Avengers Forever is awesome. It’s doubly awesome that, while he was writing this, Kurt Busiek was also rebooting The Avengers in their own title.
This comic, unlike that reboot, is one long adventure. And yes, it involves time travel. And yes, it is confusing. And yet, it is great.
Kang (a time-traveller from the future who came into the 616 timeline’s past as Rama Tut) saves Rick Jones, who Kang needs to help defend himself from Immortus, which is a future version of Kang himself. Yes, this story was so complicated it actually had a page of footnotes that appeared at the end of issue #12.
Convinced that Kang can be trusted, Rick then recruits just about everyone from all the various periods of The Avengers’ past–and future. Turns out, he’s got an ongoing association with the Kree Supreme Intelligence.
Who now lives in a tube. I like him better as a floating, disembodied jello head.
With the Supreme Intelligence, Rick pulls cynical Captain America from the Secret Empire/Steve Englehart era. Songbird is pulled from the future, where she is comfortable being a hero. Genis-Vell is pulled in (instead of the good Captain Mar-Vell–oh well).
And so on.
After arriving, the assembled team meets KSI and learns of their mission.

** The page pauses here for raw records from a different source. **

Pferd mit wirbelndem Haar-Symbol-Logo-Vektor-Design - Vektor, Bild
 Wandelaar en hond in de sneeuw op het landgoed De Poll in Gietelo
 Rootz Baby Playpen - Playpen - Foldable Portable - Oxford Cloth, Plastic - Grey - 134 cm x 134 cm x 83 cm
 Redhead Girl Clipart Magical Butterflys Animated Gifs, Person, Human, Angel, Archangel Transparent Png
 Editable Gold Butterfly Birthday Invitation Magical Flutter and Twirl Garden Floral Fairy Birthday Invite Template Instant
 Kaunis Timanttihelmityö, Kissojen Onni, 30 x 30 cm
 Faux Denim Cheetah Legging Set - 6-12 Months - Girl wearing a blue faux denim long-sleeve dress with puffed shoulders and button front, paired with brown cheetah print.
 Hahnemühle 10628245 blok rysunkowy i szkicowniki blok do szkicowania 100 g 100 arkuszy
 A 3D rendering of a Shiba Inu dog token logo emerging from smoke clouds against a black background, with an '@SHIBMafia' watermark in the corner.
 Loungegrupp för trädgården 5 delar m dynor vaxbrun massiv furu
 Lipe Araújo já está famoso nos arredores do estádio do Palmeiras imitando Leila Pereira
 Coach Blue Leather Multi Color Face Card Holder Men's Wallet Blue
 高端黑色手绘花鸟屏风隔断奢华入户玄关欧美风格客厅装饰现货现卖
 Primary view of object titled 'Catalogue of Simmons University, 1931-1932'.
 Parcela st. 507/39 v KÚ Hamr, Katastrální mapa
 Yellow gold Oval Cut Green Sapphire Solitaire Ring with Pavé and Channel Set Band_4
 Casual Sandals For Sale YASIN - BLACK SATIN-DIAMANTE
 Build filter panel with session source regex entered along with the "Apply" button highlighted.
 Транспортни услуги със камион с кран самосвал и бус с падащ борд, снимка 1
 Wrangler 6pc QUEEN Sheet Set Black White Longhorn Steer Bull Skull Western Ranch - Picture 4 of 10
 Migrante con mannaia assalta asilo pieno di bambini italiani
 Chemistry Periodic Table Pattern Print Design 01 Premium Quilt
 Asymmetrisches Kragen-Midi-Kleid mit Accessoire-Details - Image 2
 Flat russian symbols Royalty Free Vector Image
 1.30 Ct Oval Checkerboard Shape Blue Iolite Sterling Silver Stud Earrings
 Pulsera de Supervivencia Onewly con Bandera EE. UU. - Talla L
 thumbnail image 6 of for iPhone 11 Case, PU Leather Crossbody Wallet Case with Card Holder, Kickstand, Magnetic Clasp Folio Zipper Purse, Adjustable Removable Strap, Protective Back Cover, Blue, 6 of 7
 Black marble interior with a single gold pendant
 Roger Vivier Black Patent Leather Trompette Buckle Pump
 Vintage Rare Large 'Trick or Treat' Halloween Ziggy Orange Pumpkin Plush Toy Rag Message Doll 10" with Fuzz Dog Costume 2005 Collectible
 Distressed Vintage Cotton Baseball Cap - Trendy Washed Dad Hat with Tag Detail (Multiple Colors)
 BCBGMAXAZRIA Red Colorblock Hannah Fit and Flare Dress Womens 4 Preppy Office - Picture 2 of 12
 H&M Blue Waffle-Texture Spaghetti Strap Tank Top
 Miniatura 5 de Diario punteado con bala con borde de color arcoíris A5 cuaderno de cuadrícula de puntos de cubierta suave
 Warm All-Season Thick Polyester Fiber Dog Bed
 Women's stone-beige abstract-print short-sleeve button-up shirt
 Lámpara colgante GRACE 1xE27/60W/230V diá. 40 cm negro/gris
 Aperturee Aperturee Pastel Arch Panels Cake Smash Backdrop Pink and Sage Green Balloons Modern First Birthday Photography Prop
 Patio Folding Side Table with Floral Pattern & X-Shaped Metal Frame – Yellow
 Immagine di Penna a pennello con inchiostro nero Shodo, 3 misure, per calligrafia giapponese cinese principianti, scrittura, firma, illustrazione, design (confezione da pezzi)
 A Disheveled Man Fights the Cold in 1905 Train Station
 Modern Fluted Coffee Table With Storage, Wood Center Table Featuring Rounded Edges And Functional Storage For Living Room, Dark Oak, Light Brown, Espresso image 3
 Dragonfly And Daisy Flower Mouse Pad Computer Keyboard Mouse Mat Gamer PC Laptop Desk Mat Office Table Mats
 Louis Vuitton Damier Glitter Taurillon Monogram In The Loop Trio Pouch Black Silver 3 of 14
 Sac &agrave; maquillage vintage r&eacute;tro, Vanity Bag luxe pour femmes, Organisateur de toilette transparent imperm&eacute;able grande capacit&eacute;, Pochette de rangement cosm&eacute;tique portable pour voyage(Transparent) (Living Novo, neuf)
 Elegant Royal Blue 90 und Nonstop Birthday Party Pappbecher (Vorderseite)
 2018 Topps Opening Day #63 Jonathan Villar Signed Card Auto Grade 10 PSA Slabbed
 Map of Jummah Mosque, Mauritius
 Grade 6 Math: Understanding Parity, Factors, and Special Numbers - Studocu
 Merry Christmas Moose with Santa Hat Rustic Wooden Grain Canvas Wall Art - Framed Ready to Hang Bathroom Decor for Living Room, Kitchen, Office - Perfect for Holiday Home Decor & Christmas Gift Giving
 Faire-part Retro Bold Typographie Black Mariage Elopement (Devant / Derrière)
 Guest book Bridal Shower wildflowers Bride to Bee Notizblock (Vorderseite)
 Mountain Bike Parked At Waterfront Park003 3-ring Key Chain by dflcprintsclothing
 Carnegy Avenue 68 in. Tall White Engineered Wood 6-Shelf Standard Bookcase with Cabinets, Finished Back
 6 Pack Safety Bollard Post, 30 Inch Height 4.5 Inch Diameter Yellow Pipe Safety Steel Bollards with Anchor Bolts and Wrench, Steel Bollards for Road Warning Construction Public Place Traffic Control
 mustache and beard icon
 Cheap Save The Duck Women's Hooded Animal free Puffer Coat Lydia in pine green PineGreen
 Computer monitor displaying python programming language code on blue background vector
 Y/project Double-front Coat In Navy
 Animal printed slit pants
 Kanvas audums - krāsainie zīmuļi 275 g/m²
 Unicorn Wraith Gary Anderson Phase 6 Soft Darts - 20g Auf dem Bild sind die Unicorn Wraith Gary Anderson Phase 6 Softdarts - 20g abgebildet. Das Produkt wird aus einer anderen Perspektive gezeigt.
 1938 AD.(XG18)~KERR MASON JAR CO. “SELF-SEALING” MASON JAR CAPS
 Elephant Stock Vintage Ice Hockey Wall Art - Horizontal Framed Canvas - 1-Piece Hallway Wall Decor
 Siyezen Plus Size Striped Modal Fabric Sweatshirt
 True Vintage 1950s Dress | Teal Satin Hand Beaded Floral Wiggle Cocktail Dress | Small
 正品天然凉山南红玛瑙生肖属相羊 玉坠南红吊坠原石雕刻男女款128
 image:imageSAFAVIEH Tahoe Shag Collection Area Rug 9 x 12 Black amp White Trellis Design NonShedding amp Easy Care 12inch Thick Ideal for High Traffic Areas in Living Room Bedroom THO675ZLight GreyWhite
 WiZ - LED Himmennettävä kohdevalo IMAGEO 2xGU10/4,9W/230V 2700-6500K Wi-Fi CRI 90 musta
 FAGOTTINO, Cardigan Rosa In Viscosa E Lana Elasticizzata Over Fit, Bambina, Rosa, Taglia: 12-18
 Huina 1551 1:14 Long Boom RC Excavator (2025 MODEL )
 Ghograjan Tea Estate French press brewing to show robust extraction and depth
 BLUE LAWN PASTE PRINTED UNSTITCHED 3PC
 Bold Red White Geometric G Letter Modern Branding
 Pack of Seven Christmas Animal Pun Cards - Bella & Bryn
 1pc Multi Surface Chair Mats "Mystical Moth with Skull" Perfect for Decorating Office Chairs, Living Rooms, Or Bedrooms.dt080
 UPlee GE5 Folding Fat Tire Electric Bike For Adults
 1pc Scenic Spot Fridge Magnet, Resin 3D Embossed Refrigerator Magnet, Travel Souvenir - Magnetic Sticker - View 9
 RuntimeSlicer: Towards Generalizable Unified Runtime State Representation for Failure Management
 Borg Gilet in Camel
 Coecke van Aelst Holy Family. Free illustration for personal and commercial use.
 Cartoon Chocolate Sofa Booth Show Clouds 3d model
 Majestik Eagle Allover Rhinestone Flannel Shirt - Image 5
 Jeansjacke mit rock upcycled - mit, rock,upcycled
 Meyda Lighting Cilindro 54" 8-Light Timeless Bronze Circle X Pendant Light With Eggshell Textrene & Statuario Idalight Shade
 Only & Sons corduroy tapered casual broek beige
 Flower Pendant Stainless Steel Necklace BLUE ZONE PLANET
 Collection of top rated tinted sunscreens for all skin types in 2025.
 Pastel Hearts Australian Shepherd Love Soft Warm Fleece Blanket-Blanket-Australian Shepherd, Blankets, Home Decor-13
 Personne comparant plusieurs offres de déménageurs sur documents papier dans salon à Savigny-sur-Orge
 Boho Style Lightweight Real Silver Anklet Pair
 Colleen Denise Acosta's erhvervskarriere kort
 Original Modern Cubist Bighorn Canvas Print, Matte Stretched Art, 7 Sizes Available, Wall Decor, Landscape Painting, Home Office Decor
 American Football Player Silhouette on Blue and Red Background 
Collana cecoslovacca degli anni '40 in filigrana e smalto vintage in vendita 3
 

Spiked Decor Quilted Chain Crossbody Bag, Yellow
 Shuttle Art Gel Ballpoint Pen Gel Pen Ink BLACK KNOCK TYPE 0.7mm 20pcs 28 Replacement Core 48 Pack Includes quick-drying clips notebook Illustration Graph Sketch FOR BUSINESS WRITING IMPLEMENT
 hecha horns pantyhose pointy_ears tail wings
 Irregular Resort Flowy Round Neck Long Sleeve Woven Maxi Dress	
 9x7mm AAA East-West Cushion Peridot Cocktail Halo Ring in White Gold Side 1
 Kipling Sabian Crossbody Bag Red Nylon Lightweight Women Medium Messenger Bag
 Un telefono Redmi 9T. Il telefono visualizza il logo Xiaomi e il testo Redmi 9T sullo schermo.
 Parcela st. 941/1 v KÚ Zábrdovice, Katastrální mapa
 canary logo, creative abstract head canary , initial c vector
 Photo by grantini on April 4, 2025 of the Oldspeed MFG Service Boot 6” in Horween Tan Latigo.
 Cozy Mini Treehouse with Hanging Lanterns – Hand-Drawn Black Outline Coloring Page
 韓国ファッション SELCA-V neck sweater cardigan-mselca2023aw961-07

Then, they are sent into action.
They then go on a romp through Marvel’s history.
And Escher paintings.
Of course, in the end they are able to protect the integrity of the 616 timeline from Immortus’ schemes.
There’s lots of great moments like the one above, where Hank Pym teams up with Hank Pym.
This book is not so much about the plot and story as it is about the spectacle.
And the fighting.
And the Easter Eggs. Like the reference to Avengers artist Don Heck, above.
Lots of alternate versions and past versions and interesting non-616 characters (Killraven!) appear throughout…The bigger a Marvel fan you are, the more you will enjoy this.
After their success, the various heroes are returned to their timelines with amnesia.
The lasting result is that Kang and Immortus end up split into different beings in the same timeline, but they’re both still Nathaniel Richards. So, I’m still just using the one tag. It’s all too confusing. In fact, so many people appear in this series that I’ve only tagged the ones I got to before I got too tired of trying to identify everyone.
Again: Great comic. Don’t take my lazy tagging as a sign of anything critical or negative.